Asset and Grasp Libraries¶
MolmoSpaces ships a large catalog of objects and grasps, and the same machinery is also used to load user-provided objects (see Tutorial: Add a custom asset library). This page explains the two library types — asset libraries and grasp libraries — how they are indexed, how their metadata relates to scene metadata, and how to look anything up by UID.
Asset libraries¶
An asset library is a named collection of object models (MJCFs) plus a
metadata file per object. Every object in a library is identified by a globally
unique UID (also called an asset_id). The UID is the only handle the
rest of the codebase needs in order to find an object's geometry, metadata, or
grasps.
The set of built-in asset libraries (and their pinned versions) lives in
molmo_spaces.molmo_spaces_constants.DATA_TYPE_TO_SOURCE_TO_VERSION
under the objects key. As of this writing the two object libraries are:
| Library | Description | Approx. size |
|---|---|---|
thor |
Hand-crafted iTHOR assets | ~2k |
objaverse |
Converted Objaverse assets | ~129k |
Library files are downloaded and symlinked under MLSPACES_ASSETS_DIR/objects/<library>/
by the resource manager (see Assets for installation details).
In addition to the built-in libraries, users can register their own asset
libraries at runtime via
register_user_asset_library.
Registered user libraries live alongside the built-in ones in
USER_ASSET_LIBRARIES, and from the perspective of UID lookup, asset metadata,
and grasp resolution they are first-class citizens.
Asset metadata¶
Each object in an asset library has an associated metadata dictionary.
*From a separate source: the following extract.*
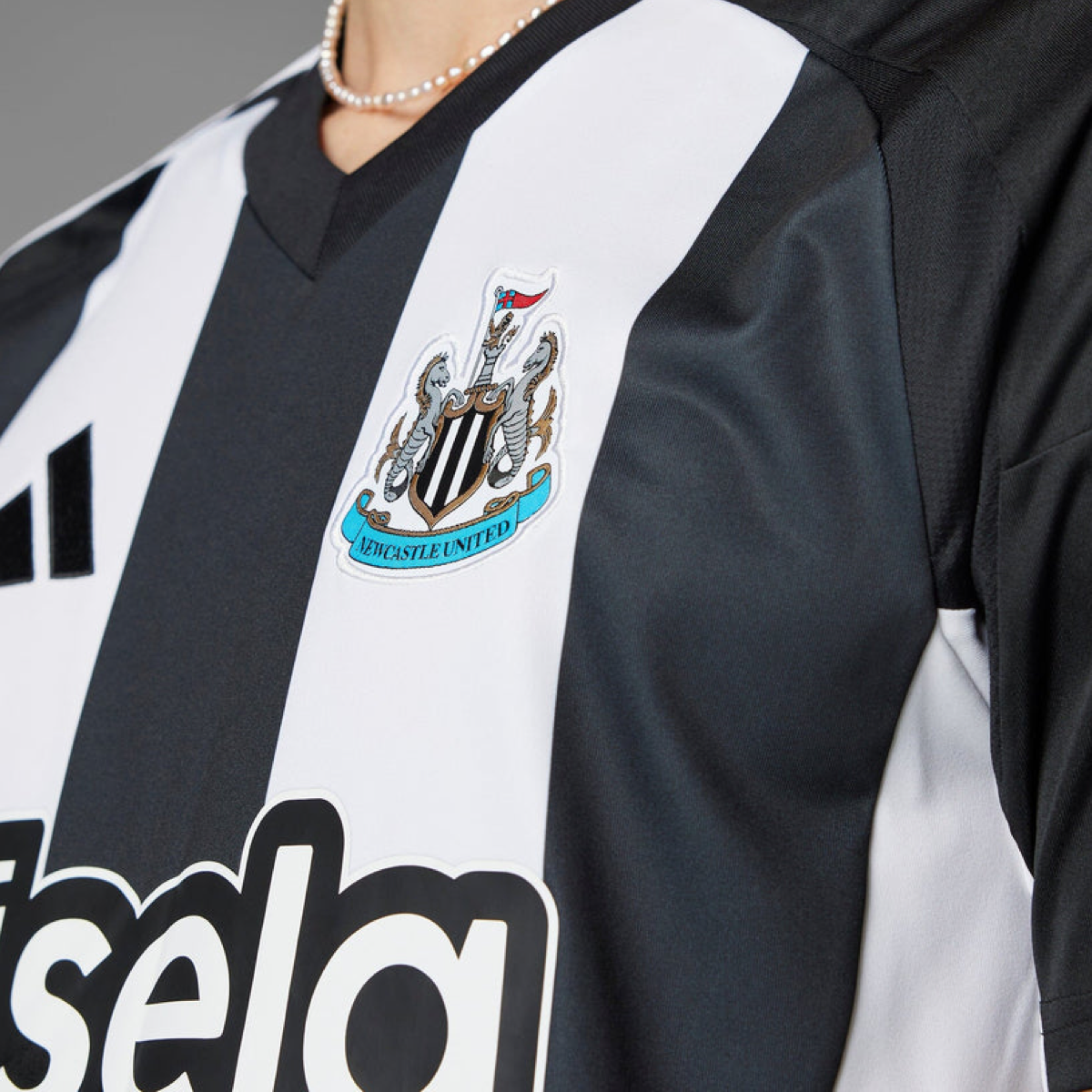 2024-25 Newcastle United FC 1st Kit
For the
built-in objaverse library, all per-object metadata is stored in a single
LMDB (objects/objathor_metadata/) which is loaded on demand. For user
libraries, each object's metadata lives in a JSON file next to its MJCF, plus
an optional NPZ file for array-valued fields (e.g. CLIP embeddings).
A typical asset-metadata document looks like:
{
"assetId": "red_block",
"category": "block",
"description_long": "This is a red block.",
"description": "A red block.",
"description_short": {
"one_word": "block",
"two_words": "red block",
"three_words": "red wooden block"
},
"synset": "block.n.01",
"mass": 0.062,
"boundingBox": {"x": 0.05, "y": 0.05, "z": 0.05}
}
The descriptions are used for referral-expression sampling during data generation; the synset, category, mass, and bounding box are used by samplers, the prompt sampler, and various physics-aware utilities.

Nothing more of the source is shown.